Exercise instructions
Everything in the records must be restated exactly, apart from the pictures.

Information provided
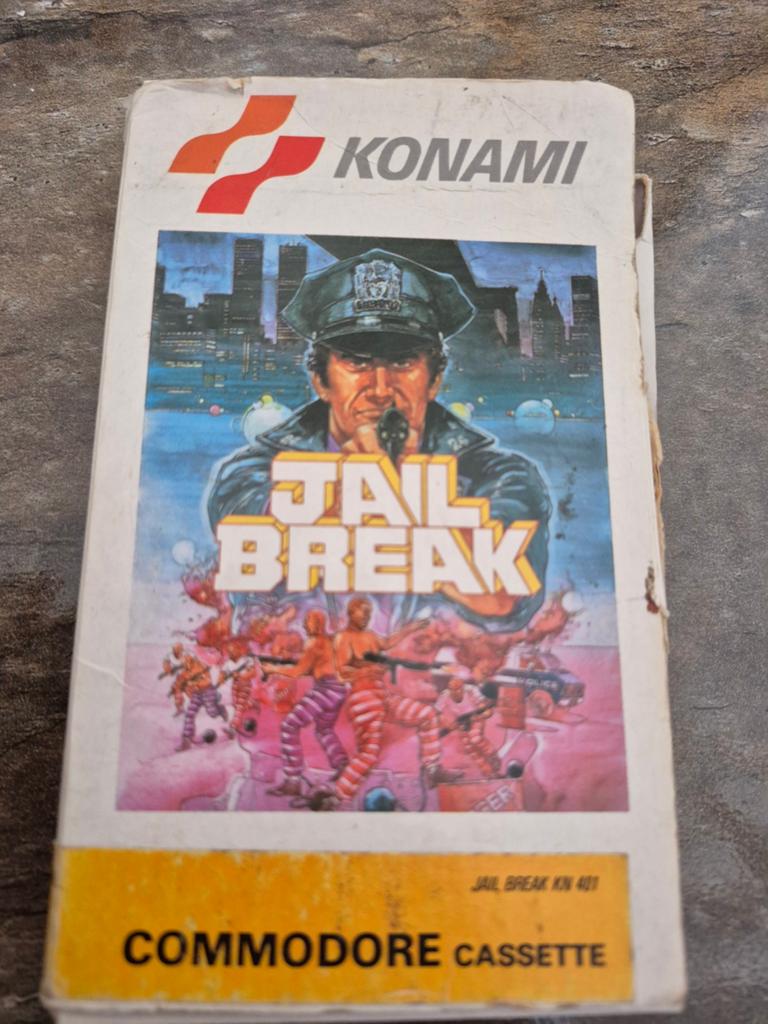 Jail Break - Commodore 64 C64 Cassette Game Konami, Avontuur en Actie, Gebruikt, 1 speler, Ophalen of Verzenden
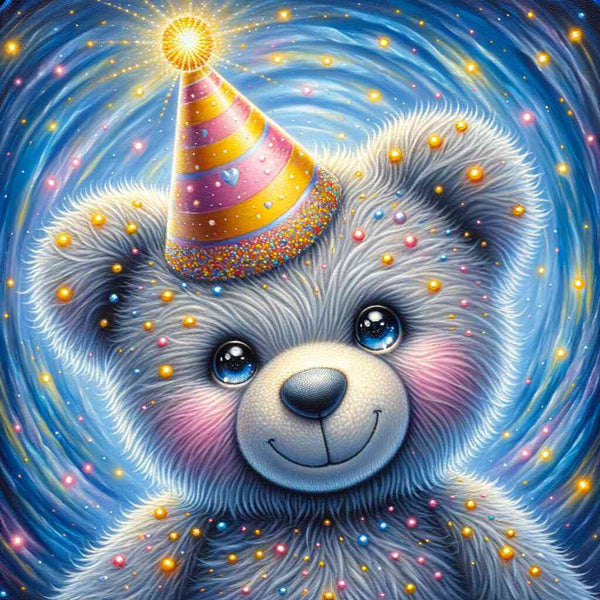 Paint by Numbers - Teddy Bar with Party Hat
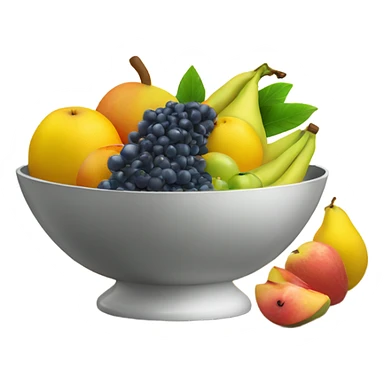 fruit bowl sticker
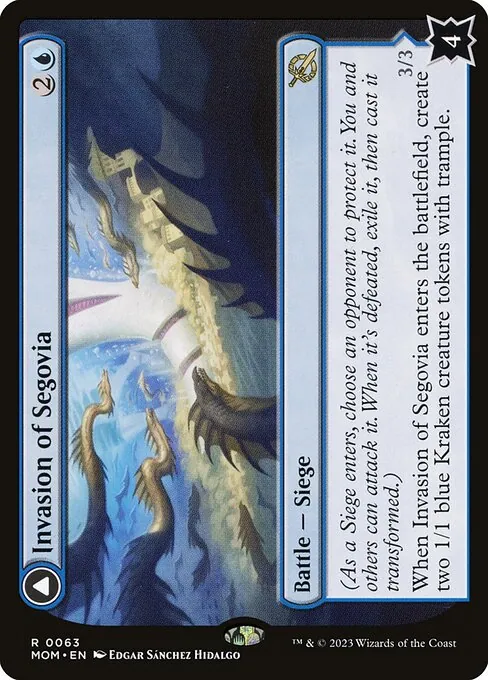 Invasion of Segovia // Caetus, Sea Tyrant of Segovia 063/306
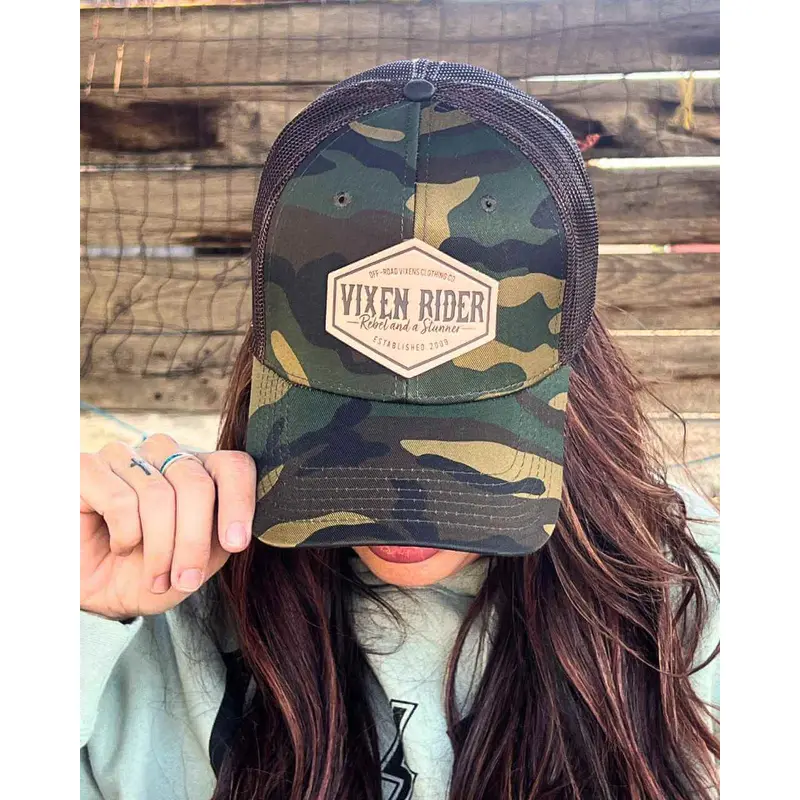 Rebel Camo Trucker
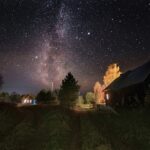 Звездная ночь в глубинке: завораживающие фото 6 сияние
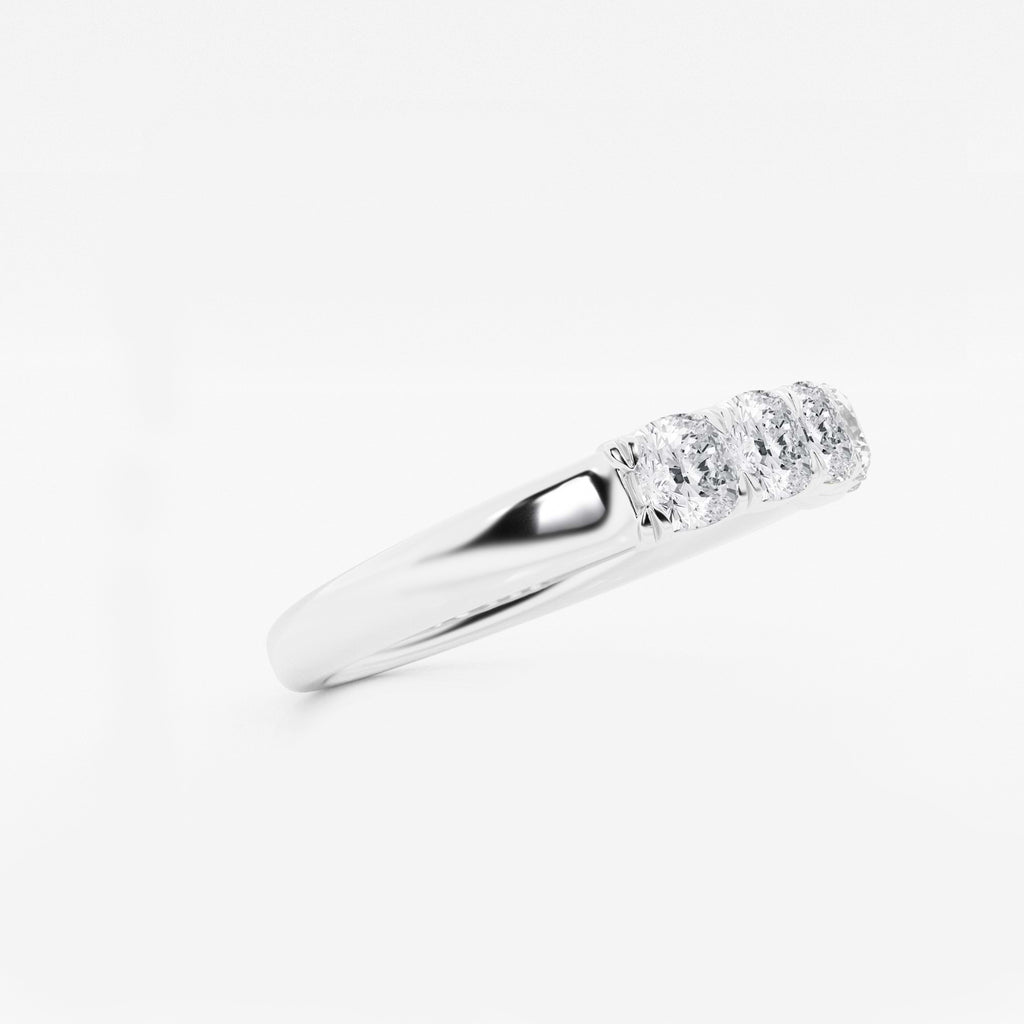 GWA031 - Additional Image 1 for  1 ctw Cushion Lab Grown Diamond Five-Stone Anniversary Band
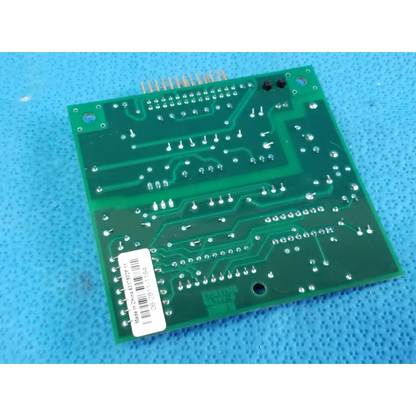 Hill rom total care green control board assembly with silver solder points and component pins for tc utv use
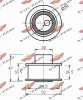 Превью - 03.478 AUTOKIT Натяжной ролик, ремень ГРМ (фото 2)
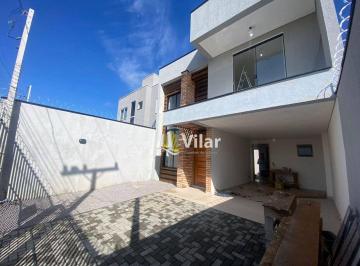 e52ad2b25c8a7e6932d106ad27e8b25f7645e3e7 · Sobrado com 3 dormitórios à venda, 127 m² por R$ 750.000,00 - Planta Vila Bordignon - Pinhais/PR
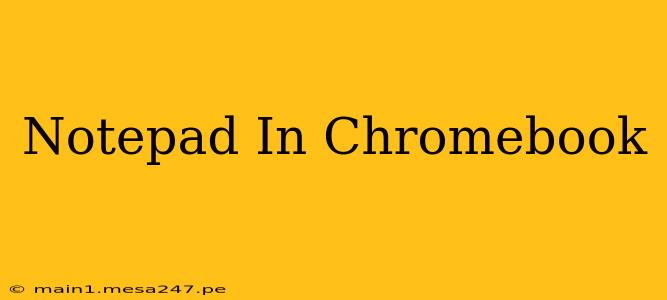 Notepad In Chromebook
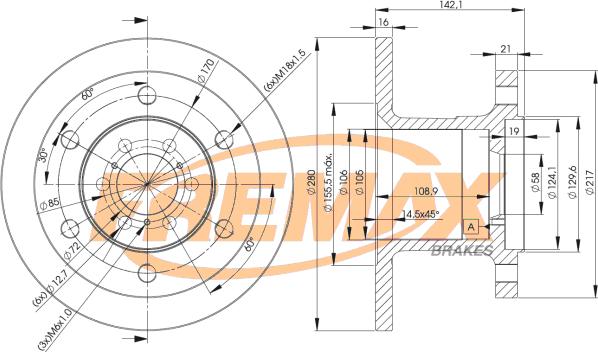 FREMAX BD-4182 - Спирачен диск vvparts.bg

Solution for this task
 Jail Break - Commodore 64 C64 Cassette Game Konami, Avontuur en Actie, Gebruikt, 1 speler, Ophalen of Verzenden
 Paint by Numbers - Teddy Bar with Party Hat
 fruit bowl sticker
 Invasion of Segovia // Caetus, Sea Tyrant of Segovia 063/306
 Rebel Camo Trucker
 Звездная ночь в глубинке: завораживающие фото 6 сияние
 GWA031 - Additional Image 1 for  1 ctw Cushion Lab Grown Diamond Five-Stone Anniversary Band
 Hill rom total care green control board assembly with silver solder points and component pins for tc utv use
 Превью - 03.478 AUTOKIT Натяжной ролик, ремень ГРМ (фото 2)
 e52ad2b25c8a7e6932d106ad27e8b25f7645e3e7 · Sobrado com 3 dormitórios à venda, 127 m² por R$ 750.000,00 - Planta Vila Bordignon - Pinhais/PR
 Notepad In Chromebook
 FREMAX BD-4182 - Спирачен диск vvparts.bg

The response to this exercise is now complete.